Sesampainya di rumah Arumi ke empatnya langsung di persilahkan masuk menuju ruang keluarga. Disana sudah ada Gia, Gio dan Putri yang sudah tertidur di sofa. Arga dan Vino yang melihat anak-anak mereka sudah tidur pun langsung menghapirinya dan izin untuk membawa anak-anak ke kamar tamu. Vino dan Ayu menidurkan anak mereka di kamar tamu, sedangkan Arga membawa Putri ke kamar Arumi. Karena tidak memungkinkan mereka tidur semua di kamar Arumi, maka Ayu memutuskan untuk tidur di kamar tamu.
Arga mencium anaknya yang sudah tertidur dengan sayang. Arga sudah terbiasa hanya dengan Putrinya saja, karena istrinya sibuk dengan karirnya sebagai seorang Aktris dan Arga menghargai keputusan sang istri. Bukan karena Arga tidak menyayangi Putri, namun sifat sang istri yang keras kepala membuatnya tak bisa berkata banyak. Beruntungnya Arga memiliki anak yang pengertian seperti Putri.
Usai menidurkan anaknya di kamar Arumi, Arga turun menuju ruang keluarga Kim bersama dengan Arumi. “Thanks ya Rum.” Ucap Arga dengan tidak enak hati menitipkan sang anak pada Arumi.
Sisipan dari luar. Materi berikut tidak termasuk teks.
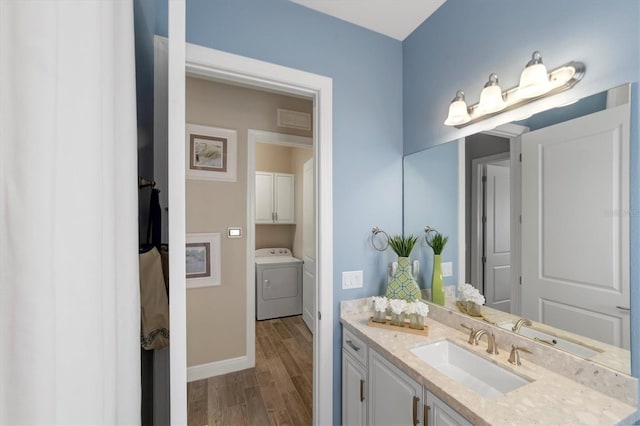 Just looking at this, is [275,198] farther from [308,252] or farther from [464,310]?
[464,310]

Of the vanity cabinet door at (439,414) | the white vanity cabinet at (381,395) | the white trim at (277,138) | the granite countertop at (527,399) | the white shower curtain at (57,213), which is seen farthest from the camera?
the white trim at (277,138)

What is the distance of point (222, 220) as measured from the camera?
8.50ft

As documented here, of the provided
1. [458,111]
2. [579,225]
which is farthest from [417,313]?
[458,111]

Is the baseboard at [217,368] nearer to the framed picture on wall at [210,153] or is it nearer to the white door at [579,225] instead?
the framed picture on wall at [210,153]

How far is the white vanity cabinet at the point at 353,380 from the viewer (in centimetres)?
146

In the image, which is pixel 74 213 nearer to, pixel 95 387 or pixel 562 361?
pixel 95 387

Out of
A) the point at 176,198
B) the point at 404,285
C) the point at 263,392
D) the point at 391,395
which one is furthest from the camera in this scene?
the point at 263,392

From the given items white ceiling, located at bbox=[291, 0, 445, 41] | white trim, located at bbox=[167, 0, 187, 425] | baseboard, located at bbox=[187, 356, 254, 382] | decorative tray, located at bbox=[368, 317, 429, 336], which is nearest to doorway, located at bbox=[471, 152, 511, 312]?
decorative tray, located at bbox=[368, 317, 429, 336]

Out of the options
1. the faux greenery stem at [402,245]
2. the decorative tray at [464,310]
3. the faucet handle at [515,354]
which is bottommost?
the faucet handle at [515,354]

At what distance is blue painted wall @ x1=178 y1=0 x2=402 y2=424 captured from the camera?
4.92 feet

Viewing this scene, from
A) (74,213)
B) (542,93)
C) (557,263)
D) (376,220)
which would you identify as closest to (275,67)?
(376,220)

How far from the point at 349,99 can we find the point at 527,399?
5.42 ft

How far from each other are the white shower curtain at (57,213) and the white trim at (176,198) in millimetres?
210

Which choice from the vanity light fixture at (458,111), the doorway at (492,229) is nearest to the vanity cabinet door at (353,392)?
the doorway at (492,229)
“Gak masalah, lagi pula Putri adalah keponakanku. Aku senang menjaganya.” Ujar Arumi dengan tulus.
Di ruang keluarga sudah ada keluarga Arumi yang sedang menonton TV. Ayu dan Vino pun sudah ikut bergabung dengan keluarga Arumi.
“Maaf ya Tante, Om saya merepotkan dengan menitipkan Putri disini.” Ujar Arga dengan tidak enak hati.
“Gak apa-apa Arga, tidak usah merasa sungkan. Kami juga senang di titipin anak kecil seperti Putri, Gia dan Gio.” Yannie mengungkapkan kesenangannya di titipi anak-anak kecil yang menggemaskan.
Arumi tersenyum bahagia melihat keluarganya juga teman dekatnya bisa saling membantu satu sama lain.